Как подрос Василий, так уж и сам начал хозяйничать, выйдет из избы, прыгнет на забор и поглядывает свысока на прохожих. Вон Егорыч за хлебом потопал в сельпо, вон тётка Луша с тёткой Зиной языками сцепились у палисада, обсуждают что-то, вон Наташка-егоза по ягоды побежала, размахивая плетёной корзинкой, вон Саныч лошадку запряг, поехал куда-то на телеге.
Как окреп да возмужал Василий, так стал уже и соседских котов пошугивать. Чтоб знали, значит, что тут его, Василия, территория. Рыжего Барсика гонял, чёрного Тимошку рвал так, что клочья летели. Ну и самому доставалось, конечно, а как без этого. Вон уши-то драные так и остались с той поры, на память о друзьях-товарищах, о боях-пожарищах…

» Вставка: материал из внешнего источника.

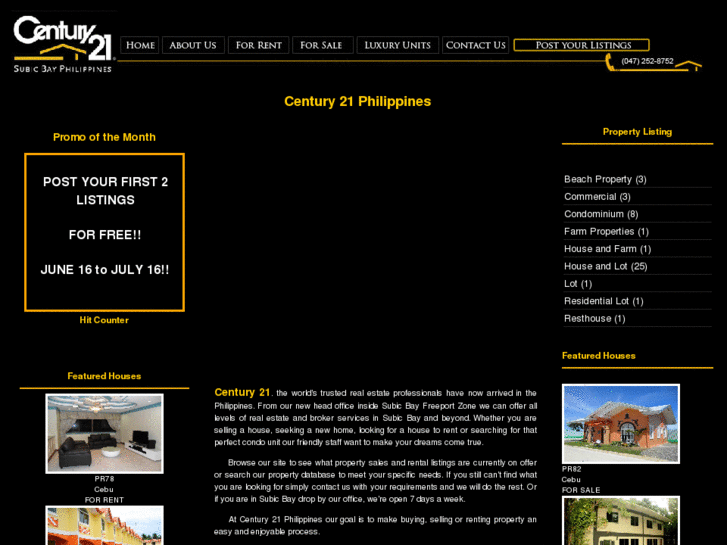 www.century21philippines.com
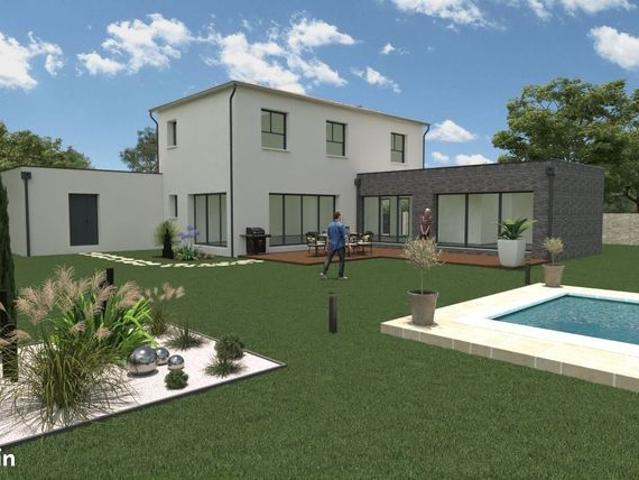 Maison vente à Rochefort, La Tremblade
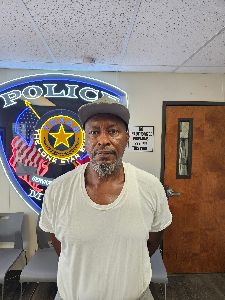 Photo of HOLMES, CARL EUGENE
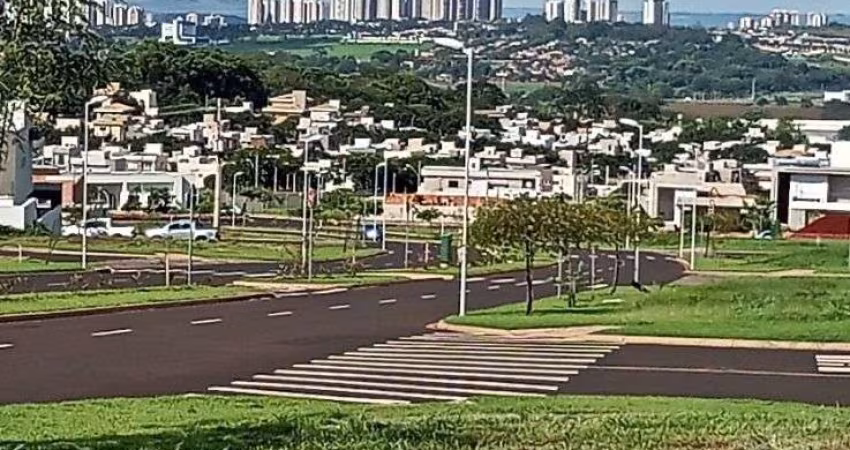 Terreno à venda, 637 m² por R$ 525.000,00 - Quinta dos Ventos - Ribeirão Preto/SP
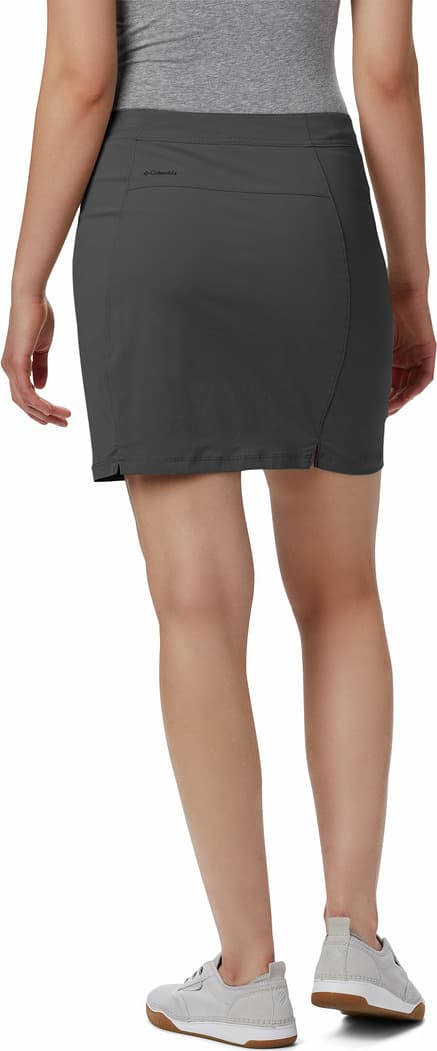 Product gallery image number 2 for product Just Right™ Skort - Plus Size - Women's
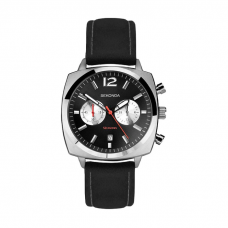 Мъжки кварцов часовник Sekonda Airborne Chronograph  S-30028.00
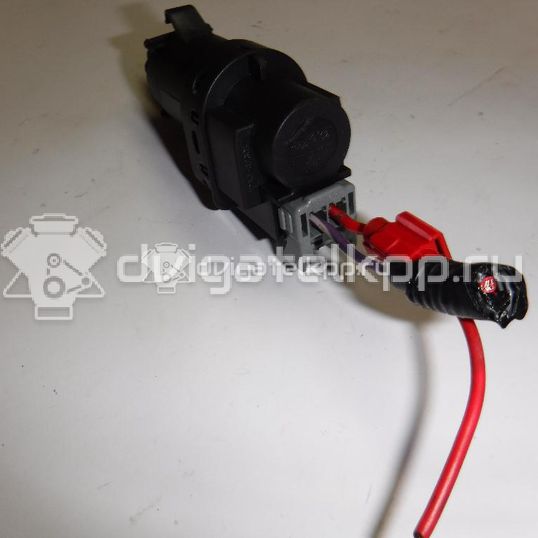 Фото Датчик включения стопсигнала  1223097 для Ford Fiesta / Focus / Tourneo / C-Max / Galaxy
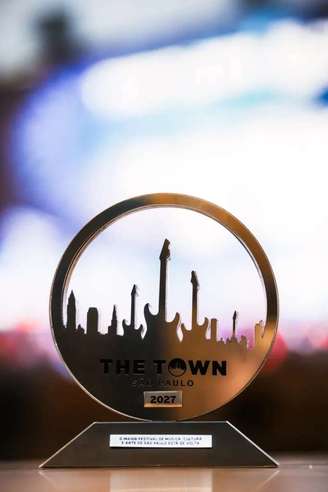Imagem: Divulgação/The Town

Эх, а как вечером выйдет дед Михей на завалинку, да как растянет свою гармонь, и запоёт она и заплачет. Народ потихоньку подтянется, кружком сядут. Мужики закурят, бабы задумаются, теребя уголки цветастых головных платков. Дед Михей в войну воевал. И много с их деревни на ту войну ушло, да не все вернулись. Играет гармонь, за сердце берёт, без слов говорит, бабы всплакнут порой, вспоминая былое.